しかし、実際には靖国参拝の政策は所期の効果を上げられなかったどころか、日本に対する反感はさざ波が立つように広がっていった。このため、韓国は首脳の相互訪問を無期限に中断し、中国の最高指導者も小泉首相との首脳会談を行っていない。

7月20日付けの日本経済新聞の1面に、故富田朝彦元宮内庁長官のメモが掲載された。1988年に昭和天皇は、靖国神社に1978年にA級戦犯が合祀されたことに強い不快感を示し、「だから私はあれ以来参拝していない。それが私の心だ」と、富田氏に語っていたというものだ。靖国神社問題をめぐる論議が日本で再び起きている。今度の論議が以前と異なるのは、参拝したくないという、日本の国民に崇敬されている昭和天皇の発言が明らかにされたことで、靖国参拝派が大きなダメージを被ったことだ。

「常任理事国入り」外交の挫折と利益

小泉政権の発足後、特に国連創立60周年を迎えた2005年を機に、日本は国連安保理常任理事国になるための外交努力を一段と強化し、一挙に安保理改革と常任理事国入りの目的を実現しようとしたが、果たすことはできなかった。

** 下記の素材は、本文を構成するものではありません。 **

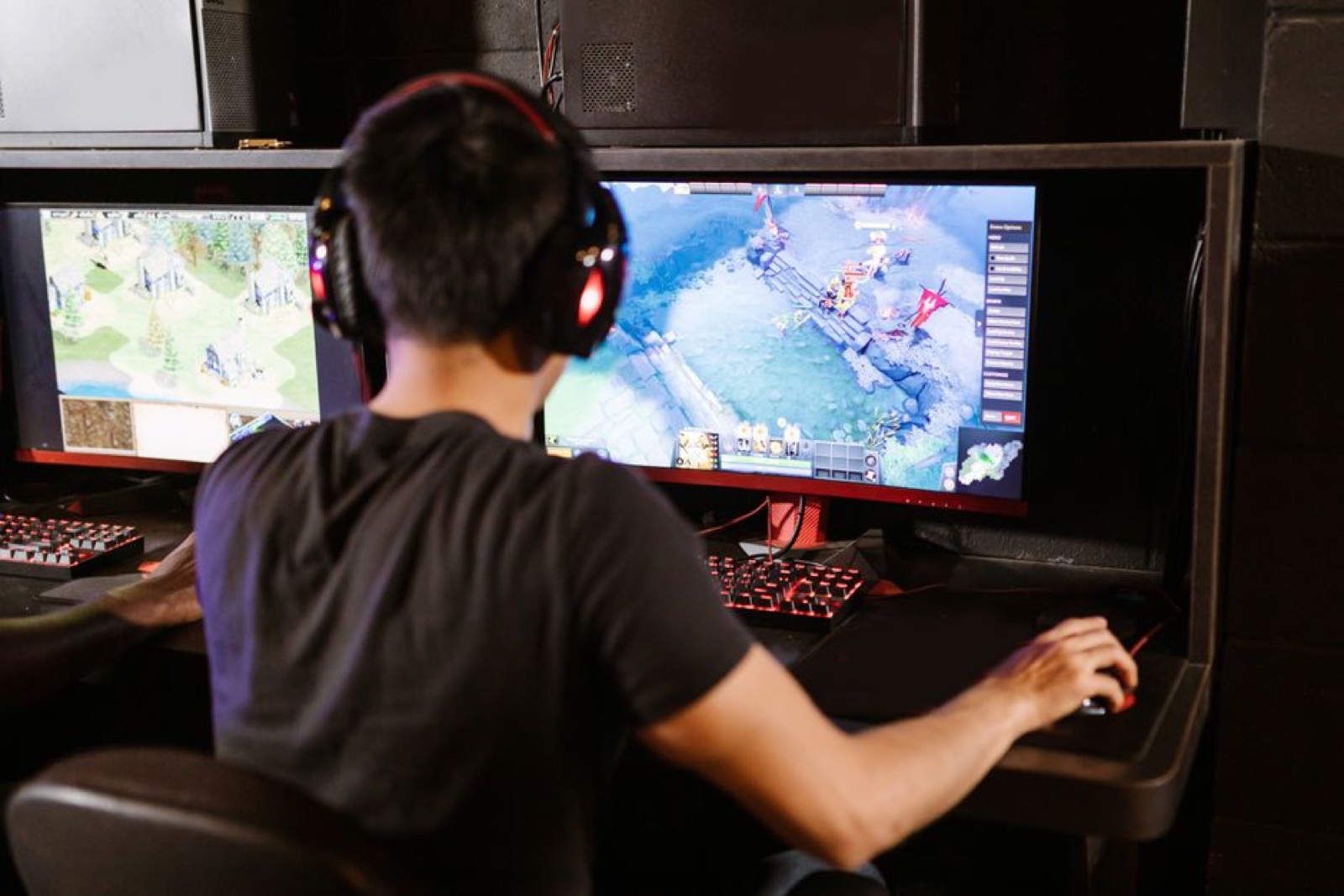 A man playing a game on a PC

安保理入りという夢が大きく挫折した主因としては、日本は「国連憲章」の趣旨を十分理解せず、ただ安保理入りをその政治大国の目標を実現する手段としてしか見ていなかった、他の国をしっかりと尊重せず、しかも世界のために着実な貢献をしなかった、目前の功利を求め、短期的な政策手段で長期的な利益を謀る政策が失敗したことなどが挙げられる。

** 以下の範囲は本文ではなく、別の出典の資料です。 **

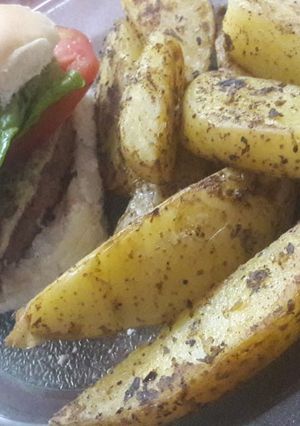Una foto de Papas rústicas a mi gusto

しかし、「常任理事国入り」という問題では、日本は完全に失敗したとは言えない。長年の外交努力を通じて、すでに一部の国から支持する考えを取り付けているからだ。さらに、2005年の「常任理事国入り」で外交攻勢に出たことで、安保理改革の問題で国際社会の注目をより集め、影響力も拡大した。常任理事国の数が増えれば、支持する国の数に関係なく日本が外される可能性はない、と予想する人もいるほどだ。これが日本が挫折の中で得た利益であるのは疑う余地はない。

挫折した日本主導の東アジア政策

小泉氏は政権の座に就ついて以来、新たな外交政策を積極的に推し進め、特に東アジア地域での国際問題で主導権を握ろうとしてきた。7月初めの朝鮮のミサイル試射は、東アジア地域を主導しようとする日本にとってその手腕を大いに発揮するチャンスとなった。日本政府は朝鮮がミサイルを試射したその日に閣僚会議を開き、7月5日から半年間、朝鮮船舶の日本への入港を禁止するとともに、対朝鮮経済制裁の実施を検討する決定を下した。また、日本は制裁決議案を作成し、安保理で草案通り採択させようと、米英仏などと積極的に外交折衝を展開した。

日本がこうした行動に出たのにはいくつか目的がある。

第1に、日本は朝鮮のミサイル試射に非常に敏感であり、日本に対する直接的な脅威と見ているため、日本政府は自国の軍事力を強化する口実を見出したことになり、この問題を誇大化させることで、いわゆる「朝鮮のミサイル脅威」を口実に自国の軍事力を増強し、日米同盟を強化する。第2に、小泉首相や麻生外相、安倍官房長官らの閣僚はいずれも対朝鮮強硬派であり、朝鮮に強硬に出ることで日本の民衆の関心を喚起し、右翼傾向のある有権者に迎合して支持者を取り込み、自身や党派のために政治的資本を蓄積する。第3に、日本政府は朝鮮のミサイル試射問題の解決を、朝鮮に圧力をかけ、中ロをけん制し、東北アジア地域での主導権を握ることで、国際社会での大国としての地位や影響力を高める格好のチャンスとして利用する。日本と朝鮮が対立して久しい。しかし、日本は朝鮮による日本人拉致問題を取り上げることはできても、それ以外では朝鮮や6カ国協議のその他の参加国を制約できる力はほとんどなく、東北アジア地域の外交折衝では比較的力の弱い国である。朝鮮のミサイル試射で、日本は朝鮮をけん制する格好の手段を見出すことができたのだ。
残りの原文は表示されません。